This is a very difficult thing to do. Very impressive. I have so many questions ...

paulryanrogers · on Jan 26, 2021

Distributed systems are hard. Multi master is particularly sticky, especially if the data doesn't have natural boundaries.

Once solved though horizontal is nice, if more involved to maintain.

namibj · on Jan 26, 2021

CockroachDB is pretty good at encapsulating the complexity of multi-master.

You'll have to accept that transactions can fail due to conflicts, so if they are interactive, you'll have to retry manually.

Edit: I'd like hear criticism, instead of just seeing disapproval.

ddorian43 · on Jan 26, 2021

(as a downvoter) Distributed transactions don't scale, they are NOT efficient. You can't co-partition data in Cockroachdb, so the only way is the slow way. Interleaved-data don't count.

namibj · on Jan 26, 2021

Are you suggesting it hits scaling boundaries earlier than that single-node postgres? The TPC-C benchmark suggests fairly strong scaling up to medium~high double digit node counts, and my understanding is that it's decently conflict prone and very much relying on distributed transactions.

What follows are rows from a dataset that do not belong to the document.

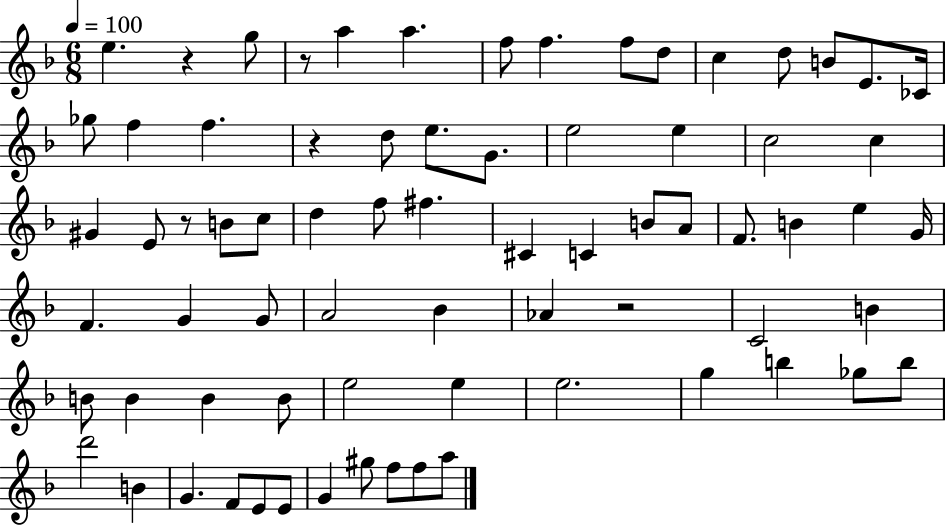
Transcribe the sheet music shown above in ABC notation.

X:1
T:Untitled
M:6/8
L:1/4
K:F
e z g/2 z/2 a a f/2 f f/2 d/2 c d/2 B/2 E/2 _C/4 _g/2 f f z d/2 e/2 G/2 e2 e c2 c ^G E/2 z/2 B/2 c/2 d f/2 ^f ^C C B/2 A/2 F/2 B e G/4 F G G/2 A2 _B _A z2 C2 B B/2 B B B/2 e2 e e2 g b _g/2 b/2 d'2 B G F/2 E/2 E/2 G ^g/2 f/2 f/2 a/2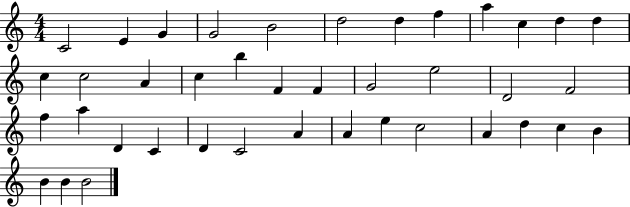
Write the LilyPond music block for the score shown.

{
  \clef treble
  \numericTimeSignature
  \time 4/4
  \key c \major
  c'2 e'4 g'4 | g'2 b'2 | d''2 d''4 f''4 | a''4 c''4 d''4 d''4 | \break c''4 c''2 a'4 | c''4 b''4 f'4 f'4 | g'2 e''2 | d'2 f'2 | \break f''4 a''4 d'4 c'4 | d'4 c'2 a'4 | a'4 e''4 c''2 | a'4 d''4 c''4 b'4 | \break b'4 b'4 b'2 | \bar "|."
}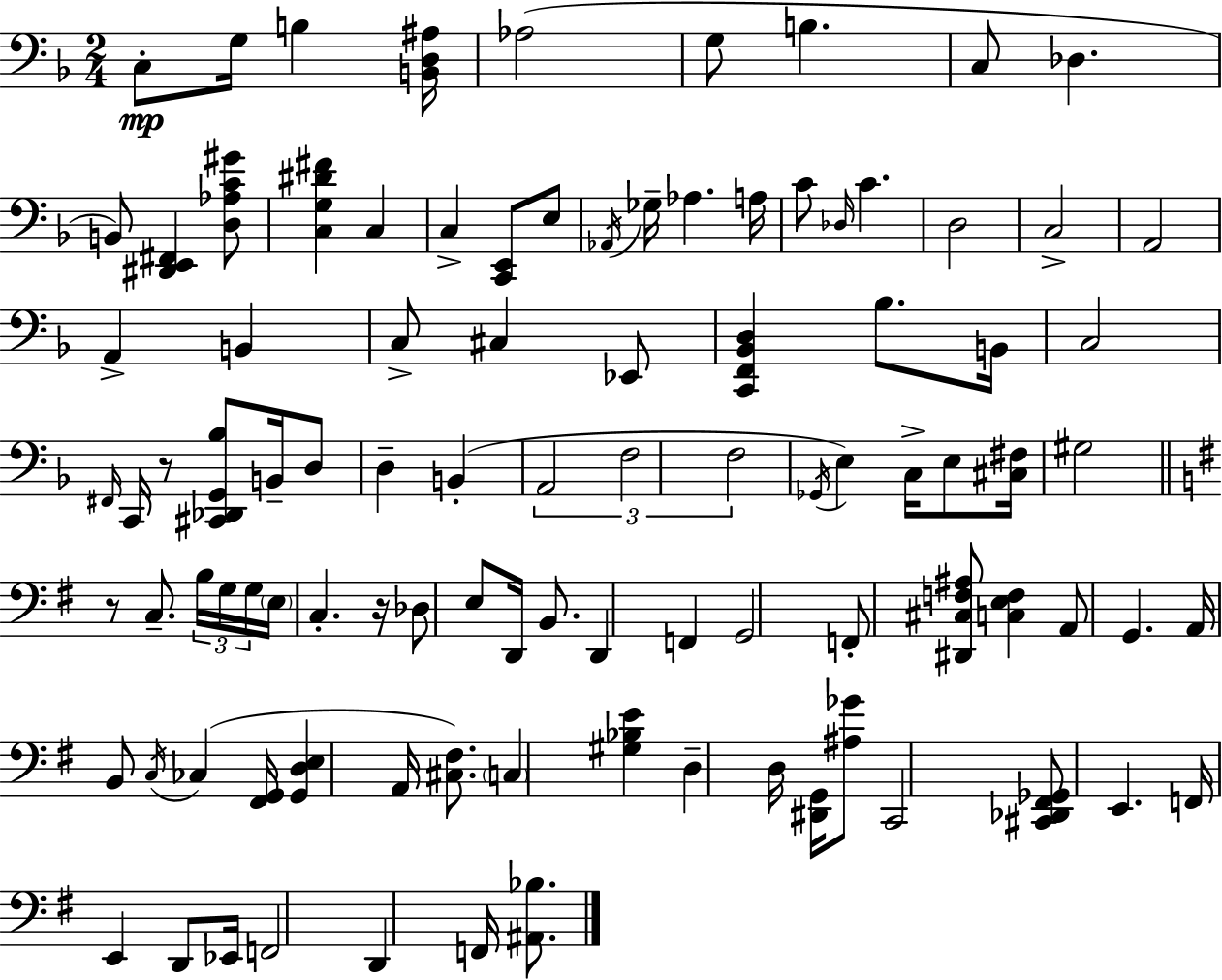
C3/e G3/s B3/q [B2,D3,A#3]/s Ab3/h G3/e B3/q. C3/e Db3/q. B2/e [D#2,E2,F#2]/q [D3,Ab3,C4,G#4]/e [C3,G3,D#4,F#4]/q C3/q C3/q [C2,E2]/e E3/e Ab2/s Gb3/s Ab3/q. A3/s C4/e Db3/s C4/q. D3/h C3/h A2/h A2/q B2/q C3/e C#3/q Eb2/e [C2,F2,Bb2,D3]/q Bb3/e. B2/s C3/h F#2/s C2/s R/e [C#2,Db2,G2,Bb3]/e B2/s D3/e D3/q B2/q A2/h F3/h F3/h Gb2/s E3/q C3/s E3/e [C#3,F#3]/s G#3/h R/e C3/e. B3/s G3/s G3/s E3/s C3/q. R/s Db3/e E3/e D2/s B2/e. D2/q F2/q G2/h F2/e [D#2,C#3,F3,A#3]/e [C3,E3,F3]/q A2/e G2/q. A2/s B2/e C3/s CES3/q [F#2,G2]/s [G2,D3,E3]/q A2/s [C#3,F#3]/e. C3/q [G#3,Bb3,E4]/q D3/q D3/s [D#2,G2]/s [A#3,Gb4]/e C2/h [C#2,Db2,F#2,Gb2]/e E2/q. F2/s E2/q D2/e Eb2/s F2/h D2/q F2/s [A#2,Bb3]/e.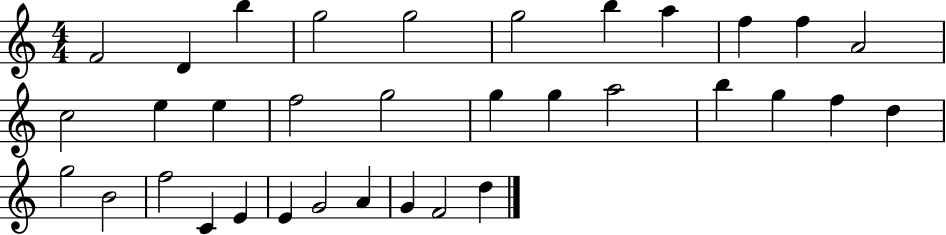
{
  \clef treble
  \numericTimeSignature
  \time 4/4
  \key c \major
  f'2 d'4 b''4 | g''2 g''2 | g''2 b''4 a''4 | f''4 f''4 a'2 | \break c''2 e''4 e''4 | f''2 g''2 | g''4 g''4 a''2 | b''4 g''4 f''4 d''4 | \break g''2 b'2 | f''2 c'4 e'4 | e'4 g'2 a'4 | g'4 f'2 d''4 | \break \bar "|."
}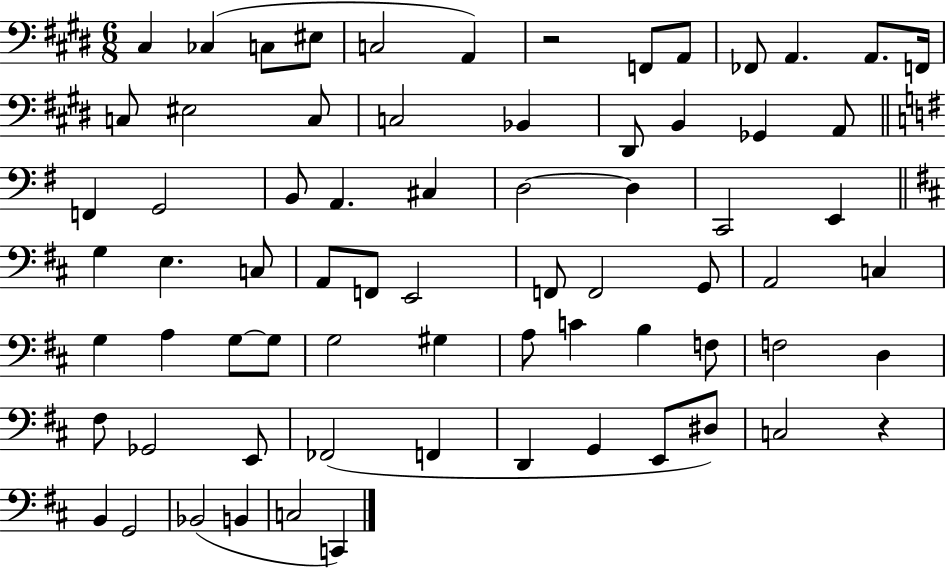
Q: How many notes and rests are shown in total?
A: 71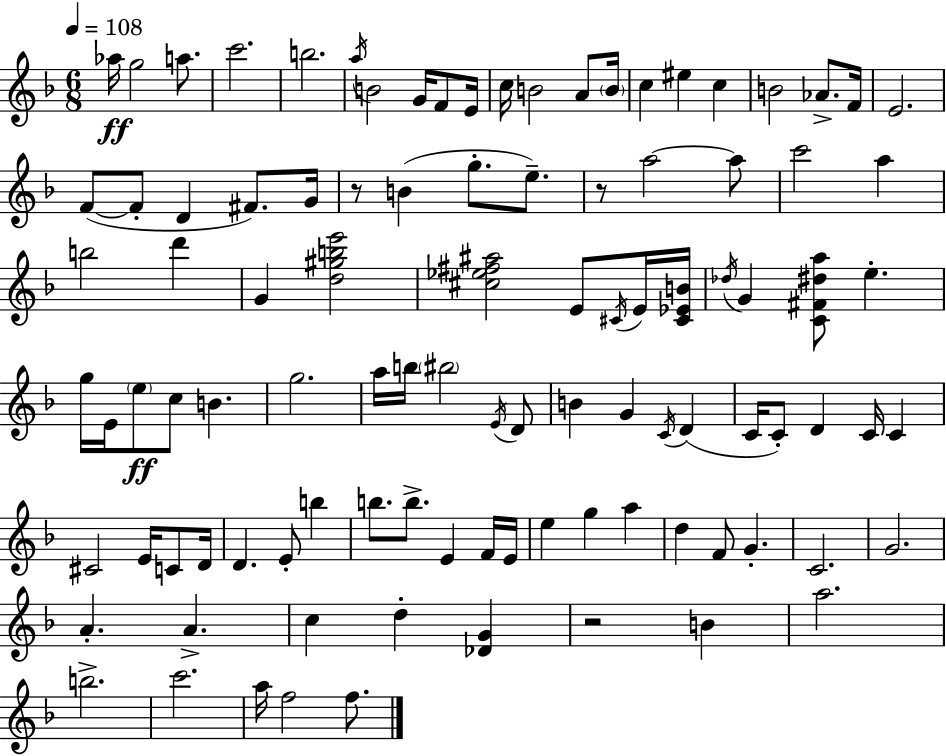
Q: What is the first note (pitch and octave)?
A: Ab5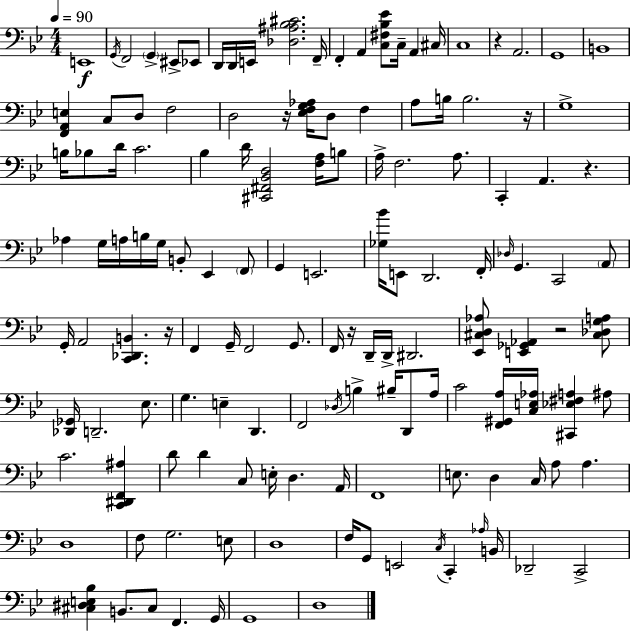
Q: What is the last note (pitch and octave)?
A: D3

Of course a distributed architecture costs efficiency, but as long as it still scales further (and after some point, cheaper) than single-node alternatives, the efficiency loss is tolerable.

You can affect partitioning, but forcing it requires the payed version.

ddorian43 · on Jan 26, 2021

> Are you suggesting it hits scaling boundaries earlier than that single-node postgres?

This is nosql scenario all over again. You have to think in cost($)/query and your data layout.

> Of course a distributed architecture costs efficiency, but as long as it still scales further (and after some point, cheaper) than single-node alternatives, the efficiency loss is tolerable.

The efficiency loss is tolerable. The question is, when ? For primary-key get, efficiency-loss is, let's say, none. So you can start distributed from the start.

For another query, especially multi-tenant when you can put a tenant in 1 box, it may start making sense AFTER scaling to 2TB memory node.

Imagine a select query doing a join. It has to read 1GB from nvme-array or from network.

Imagine a write, ending up as a distributed-write, it needs to wait for 2x+ more servers in the network.

tommyzli · on Jan 26, 2021

basically what paulryanrogers said.

We thought about migrating to Citus, but I don't have a good idea of how to shard our dataset efficiently.

If we were to shard by user id, then creating a match between two people would require cross-shard transactions and joins. Sharding by geography is also tough because people move around pretty frequently.

skinkestek · on Jan 26, 2021

What kind of data is this?

My best guesses are

- either it is SAAS in which case shard it should make sense to shard by customer

- or it is something-to-consumer (social networking?) on which case I guess you'll have to take a step back and see if you can sacrifice one of your current assumptions

... but I feel I'm missing something since what I am saying feels a bit trivial.

alexhutcheson · on Jan 26, 2021

It’s a dating app.

mslot · on Jan 27, 2021

Sharding a matching engine is indeed pretty hard, and requires redundancy and very deliberate data modelling choices.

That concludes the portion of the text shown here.